ARTICLE II OFFICERS Section 1. Number. The officers of the Corporation shall be a president-elect, a president, a past president, a secretary, and a treasurer. All officers are subject to the control of the board. Section 2. Election and Term of Office. Officers shall be elected at the annual meeting of the members. The president shall serve a three-year term. This person shall serve as president-elect during the first year of their term, president during the second year of their term, and past president during the third year of their term. The secretary and treasurer shall serve a two-year term. The term for all officers shall start on the first day of September following their election. All officers except the president may be elected to succeed themselves. No person may serve as an officer for more than six consecutive years. Section 3. Vacancies. When a vacancy on the board exists mid-term, the secretary must receive nominations for new members from the nominating committee two weeks in advance of a board meeting. These nominations shall be sent out to board members with the regular board meeting announcement, to be voted upon at the next board meeting. These vacancies will be filled only to the end of the particular board member's term. Section 4. Removal. The members may remove an officer, with or without cause. Section 5. Resignation. Any officer may resign at any time by giving written notice to the president or to the secretary. Section 6. Salaries. No compensation shall be paid to any officer for service as an officer. Section 7 President-Elect. The president-elect shall assist the president and shall be an ex officio member of all committees except the nominating committee. At the request of the president or in the event of the president s absence or disability, the president-elect shall perform the duties and possess and exercise the powers of the president and shall perform such other duties as may be assigned by the board. Section 8. President. The president shall preside at all meetings of members and of the board. The president shall have general charge of the affairs of the corporation and shall perform such other duties as may be assigned by the board. The president shall be an ex-officio member of all committees except the nominating committee.

Section 9 Past President. The past president shall perform such duties and possess and exercise such powers as may be assigned by the board. The past president shall serve as chair of the nominating committee. Section 10. Secretary. The secretary shall: (a) (b) (c) (d) have charge of such books, documents, and records of the corporation; attend and keep the minutes of all the business meetings of the board and members of the corporation; be responsible for giving notices in accordance with the provisions of these by-laws and as required by law; and perform such other duties as may be assigned by the board.
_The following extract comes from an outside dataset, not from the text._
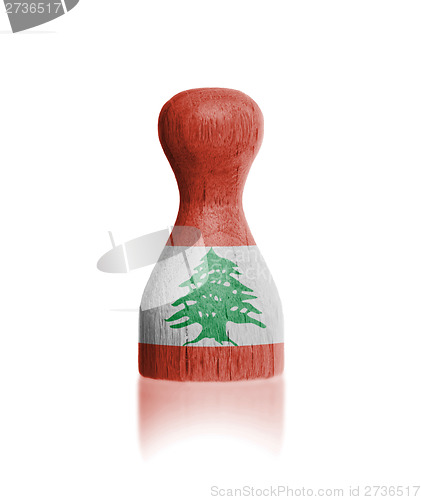 Image of Wooden pawn with a flag painting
Section 11. Treasurer. The treasurer shall: (a) (b) (c) (d) (e) (f) (g) have custody of all funds, property, and securities of the corporation; endorse or supervise the endorsement on behalf of the corporation for collection of checks, notes and other obligations, and shall deposit the same to the credit of the corporation at such bank or banks or depository as the board may designate; sign all receipts and vouchers and, together with such other officer or officers, if any, as shall be determined by the board, shall sign all checks of the corporation and promissory notes issued by the corporation make such payments and government filings and tax returns as may be necessary or proper to be made on behalf of the corporation; enter on the books of the corporation full and accurate account of all monies and obligations received and paid or incurred for or on account of the corporation and shall make such books available at all reasonable times to any director or member at the offices of the corporation; render statements of the condition of the finances of the corporation at all meetings; and perform such other duties as may be assigned by the board. ARTICLE III BOARD OF DIRECTORS Section 1. General Powers and Number. The property, affairs, and the business of the corporation should be managed by a board of directors. All officers of the corporation shall be directors. In addition, the board shall consist of not less than three nor more than twelve other directors who are not officers of the corporation.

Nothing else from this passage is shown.